Louise Nicholas said "it sucks" that juries were denied relevant information, such as convictions for similar offending. That denied juries the context to the evidence they were presented with and came with the risk that they were being blinkered.
She hoped law changes would be considered to make trials fairer for complainants whose lives were open slather to defence lawyers while the accused were protected from the same scrutiny.
"For a complainant to go through the experience of a rape trial takes a lot of guts. What women are scared of is being revictimised and you are.
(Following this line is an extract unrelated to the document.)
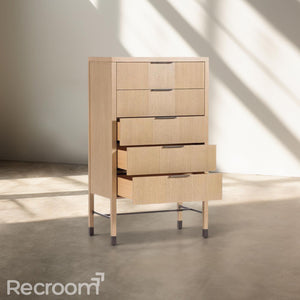Vurmo Tall Chest - Zonesus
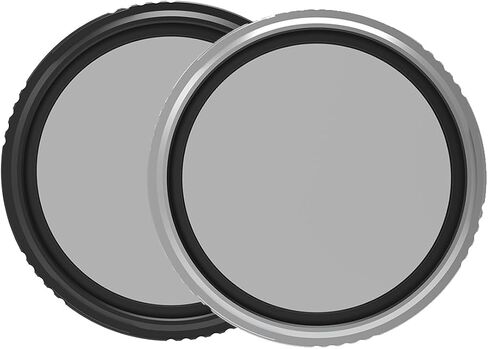 Haida NanoPro Black Mist 1/4 Filter for Fujifilm X100 Series Cameras, Silver in Saudi Arabia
That rape is recurring, without the physical aspect."
She had felt as if she was on trial. "That's what I asked myself when the defence were slamming me around the courtroom, 'who is on trial here?' There is no need for that nastiness, that abuse and in my opinion that's what it was."
She felt some relief that she had done all she could in telling her story and putting up with the ordeal that involved.
Her husband, Ross, was angry that "once again [the men] have walked but we can see that a lot of good is going to come out of it".
"The future is looking good for victims and survivors of rape."
Without her case there would not be a commission of inquiry looking into police conduct or an examination of what lessons might be learnt from what had happened.
"When I look back over the injustices that have occurred, finally now after 20 years I have got the opportunity to perhaps right those wrongs. And I think I have done it. I know that. They might have been acquitted but that means nothing to me because I think a lot more has been achieved from it."